> Task brief
Without including any pictures, copy each entry below exactly.

> Entries shown
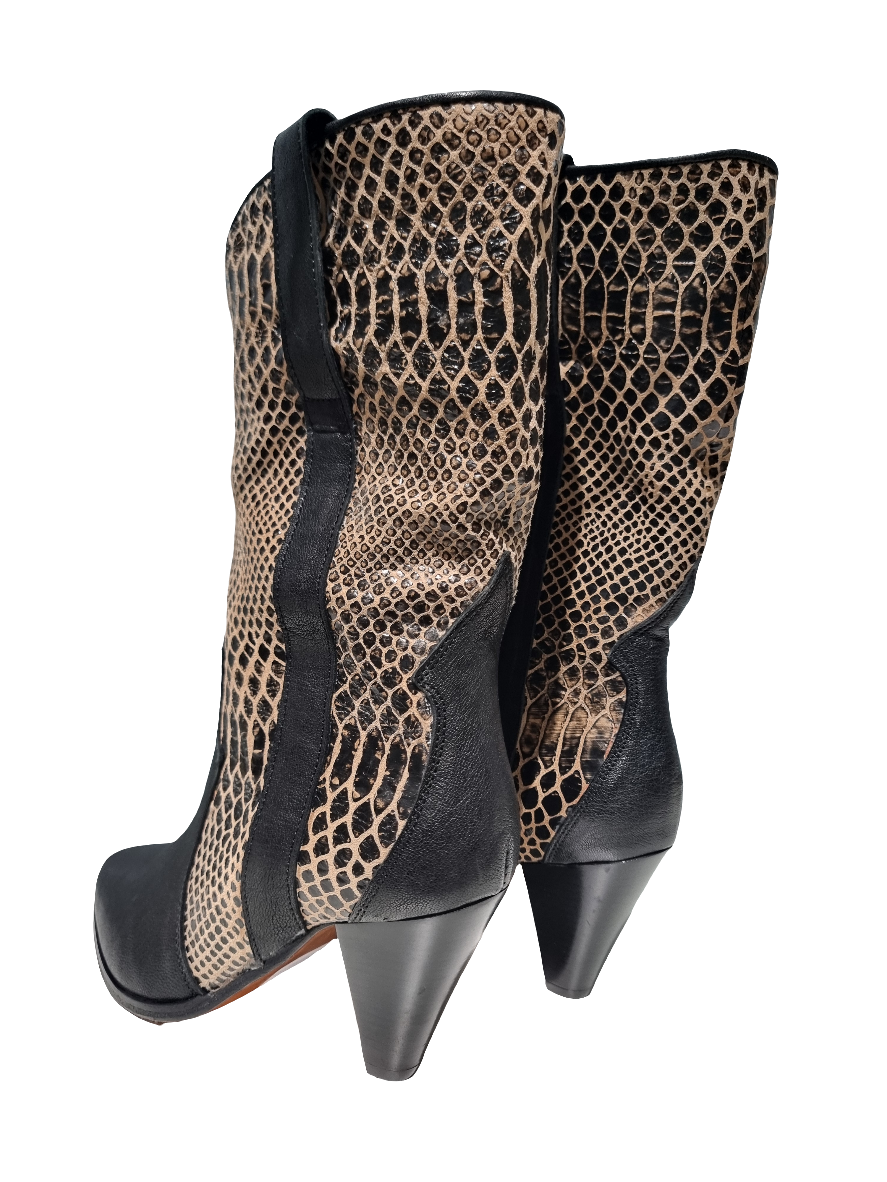 Stivale texano in pelle nero pitonato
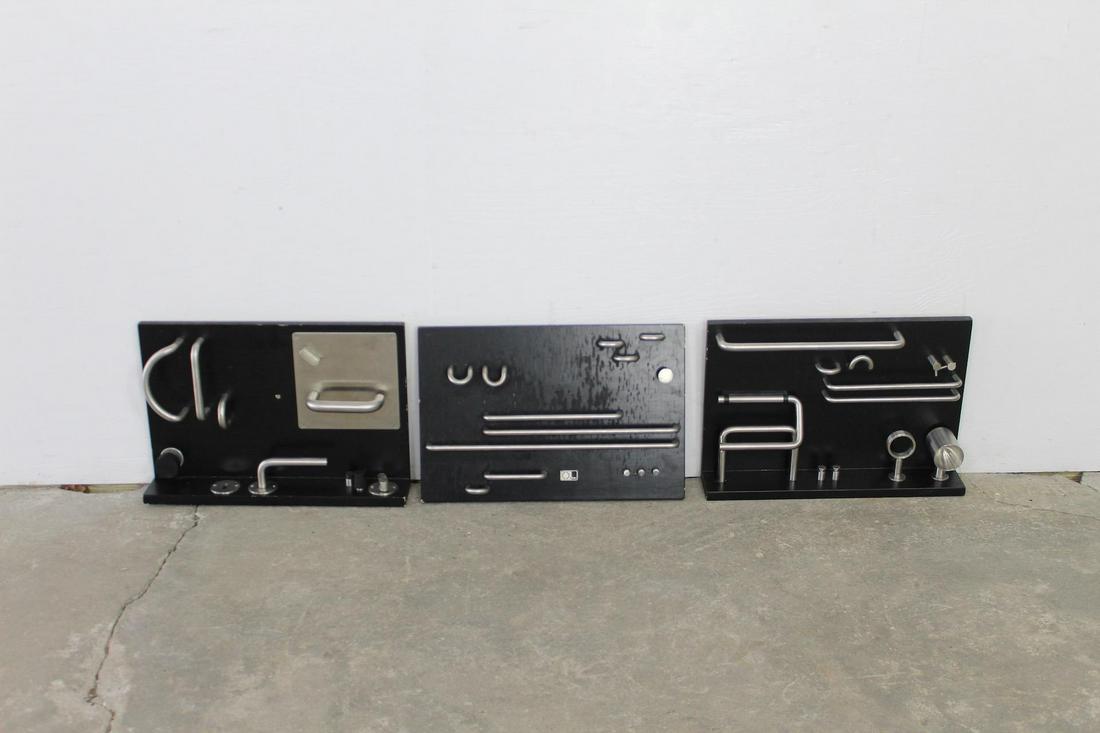 3 Hardware Store Chrome Door & Drawer Handle Displays (1 of 6)
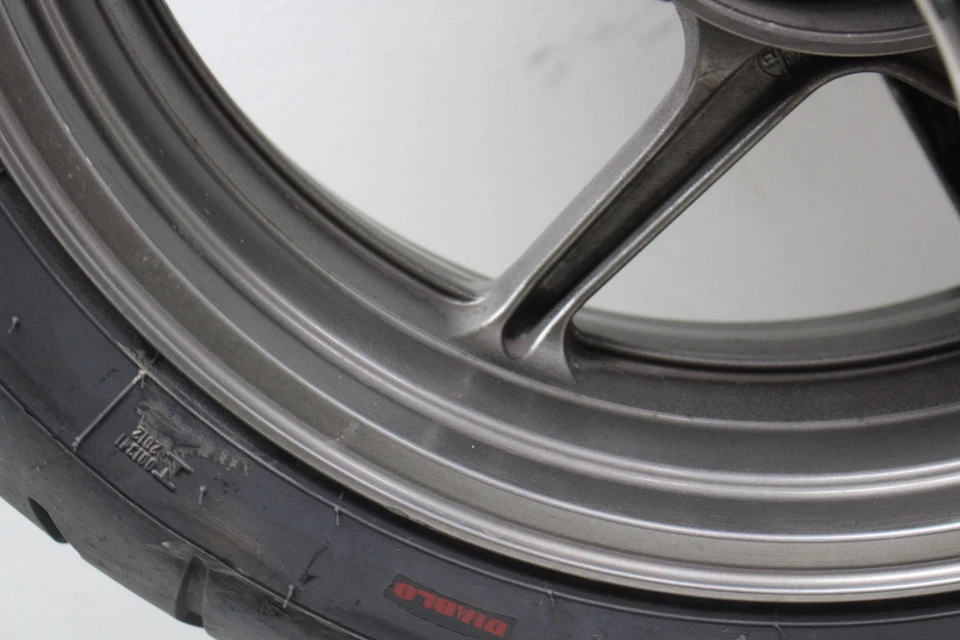 Llanta trasera Kawasaki Ninja ZX-6R ZX636C 2005-2006 (recta) Foto 3 de 4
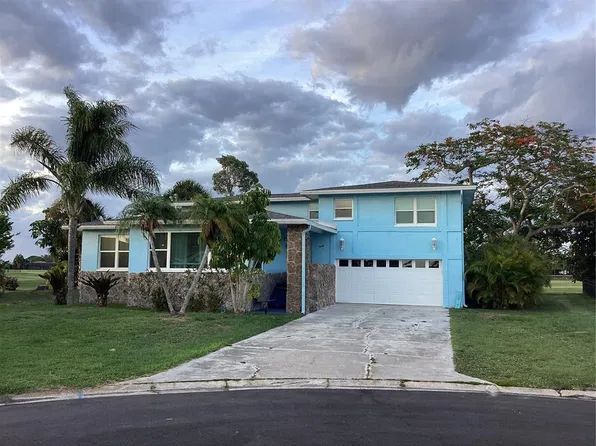 90 Oakland Hills Ct, Rotonda West, FL 33947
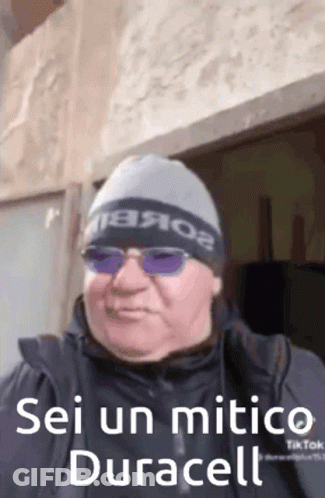 Man Beanie Sunglasses Saying Sei Un Mitico Duracell GIF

> Exercise result
 Stivale texano in pelle nero pitonato
 3 Hardware Store Chrome Door & Drawer Handle Displays (1 of 6)
 Llanta trasera Kawasaki Ninja ZX-6R ZX636C 2005-2006 (recta) Foto 3 de 4
 90 Oakland Hills Ct, Rotonda West, FL 33947
 Man Beanie Sunglasses Saying Sei Un Mitico Duracell GIF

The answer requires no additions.